| Exercise data |
☆ ☆ ☆ ☆ ☆

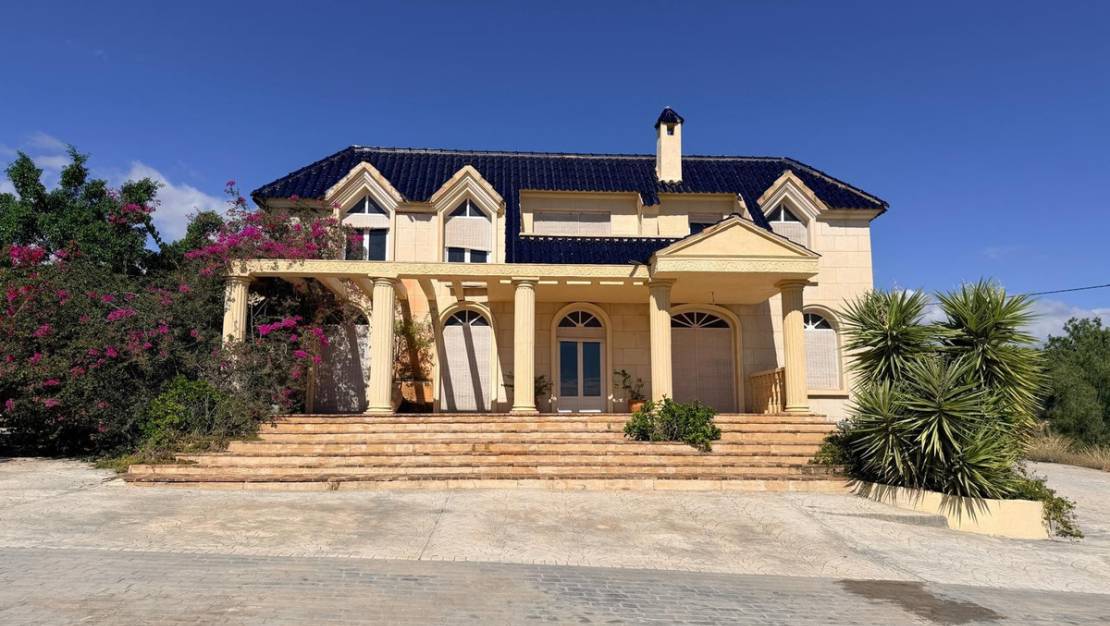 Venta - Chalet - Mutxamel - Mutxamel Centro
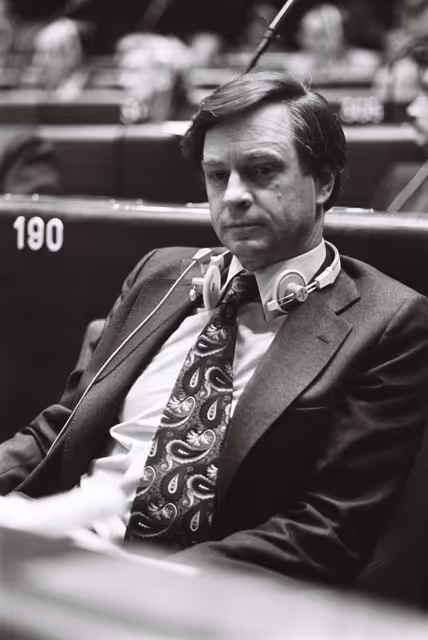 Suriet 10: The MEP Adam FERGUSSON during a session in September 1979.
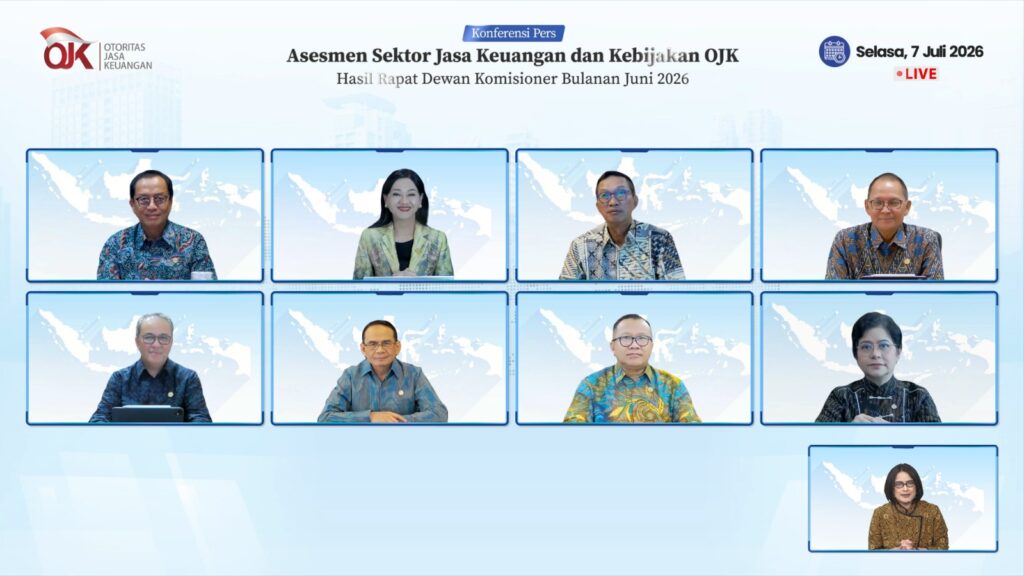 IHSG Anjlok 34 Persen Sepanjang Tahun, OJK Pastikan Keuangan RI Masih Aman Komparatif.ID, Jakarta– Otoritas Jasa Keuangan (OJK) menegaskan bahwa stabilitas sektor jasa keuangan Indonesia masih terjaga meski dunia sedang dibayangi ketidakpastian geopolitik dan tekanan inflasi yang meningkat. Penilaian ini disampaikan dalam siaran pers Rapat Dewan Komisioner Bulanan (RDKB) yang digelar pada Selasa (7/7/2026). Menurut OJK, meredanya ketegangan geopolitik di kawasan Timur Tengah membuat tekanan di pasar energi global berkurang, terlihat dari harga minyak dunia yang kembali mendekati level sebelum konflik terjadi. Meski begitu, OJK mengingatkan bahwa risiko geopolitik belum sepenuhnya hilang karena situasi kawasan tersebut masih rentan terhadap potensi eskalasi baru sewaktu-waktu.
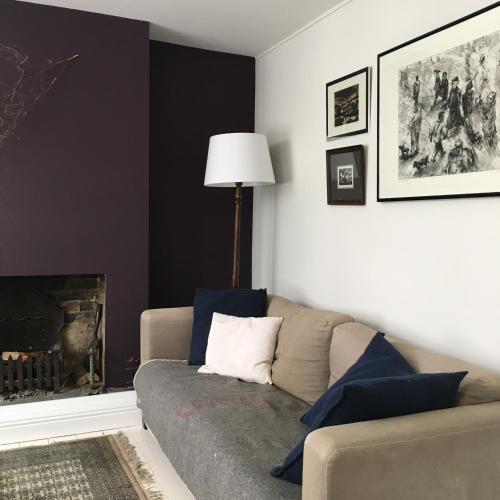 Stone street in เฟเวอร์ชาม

☆ ☆ ☆ ☆ ☆

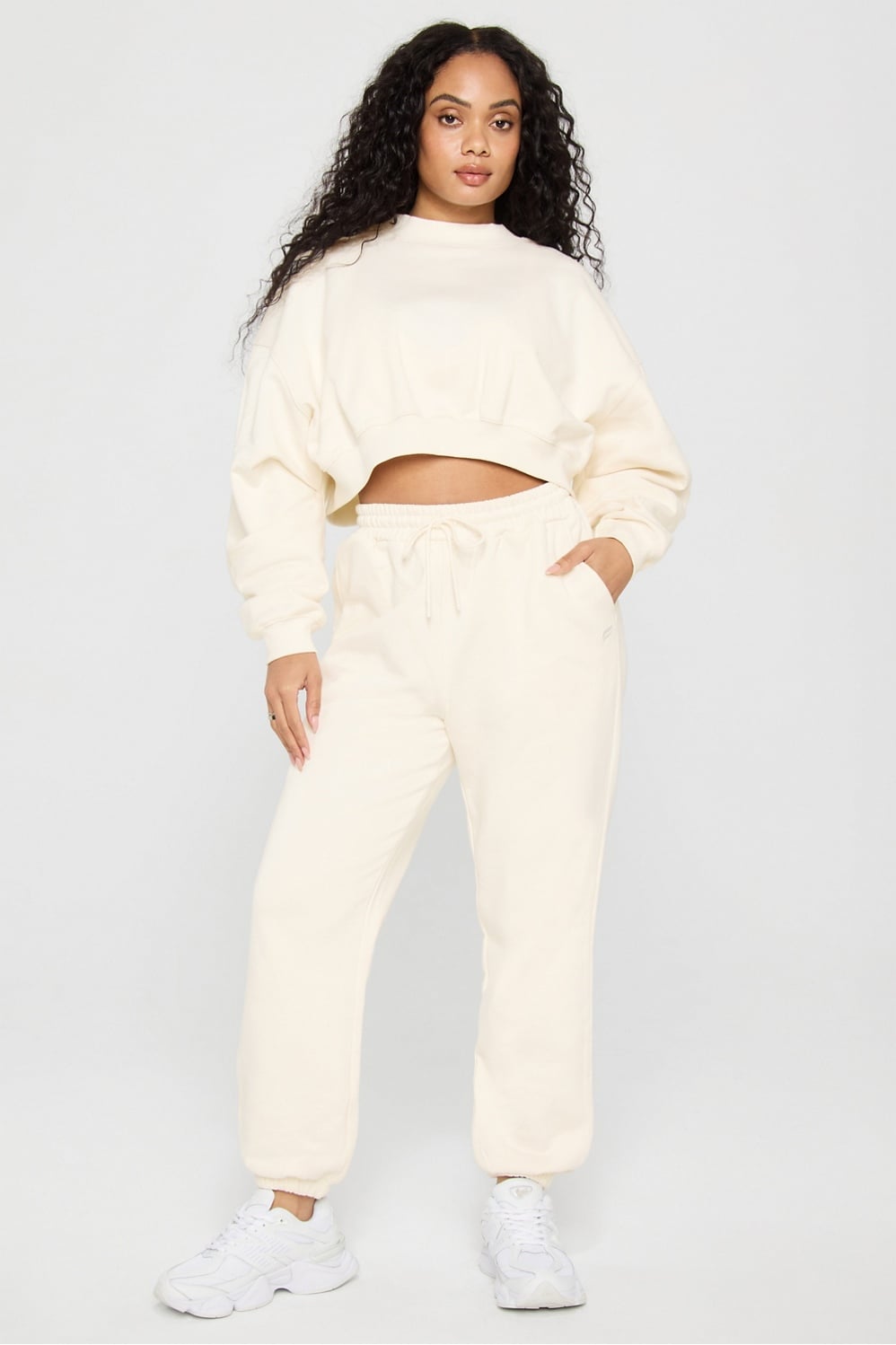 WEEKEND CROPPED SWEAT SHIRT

☆ ☆ ☆ ☆ ☆

| What the task asks |
In the entries above, every line from the line with "Suriet 10: The" to the line with "Stone street in เฟเวอร์ชาม" is to be printed exactly, with both ends included and pictures excluded.

| Solution below |
 Suriet 10: The MEP Adam FERGUSSON during a session in September 1979.
 IHSG Anjlok 34 Persen Sepanjang Tahun, OJK Pastikan Keuangan RI Masih Aman Komparatif.ID, Jakarta– Otoritas Jasa Keuangan (OJK) menegaskan bahwa stabilitas sektor jasa keuangan Indonesia masih terjaga meski dunia sedang dibayangi ketidakpastian geopolitik dan tekanan inflasi yang meningkat. Penilaian ini disampaikan dalam siaran pers Rapat Dewan Komisioner Bulanan (RDKB) yang digelar pada Selasa (7/7/2026). Menurut OJK, meredanya ketegangan geopolitik di kawasan Timur Tengah membuat tekanan di pasar energi global berkurang, terlihat dari harga minyak dunia yang kembali mendekati level sebelum konflik terjadi. Meski begitu, OJK mengingatkan bahwa risiko geopolitik belum sepenuhnya hilang karena situasi kawasan tersebut masih rentan terhadap potensi eskalasi baru sewaktu-waktu.
 Stone street in เฟเวอร์ชาม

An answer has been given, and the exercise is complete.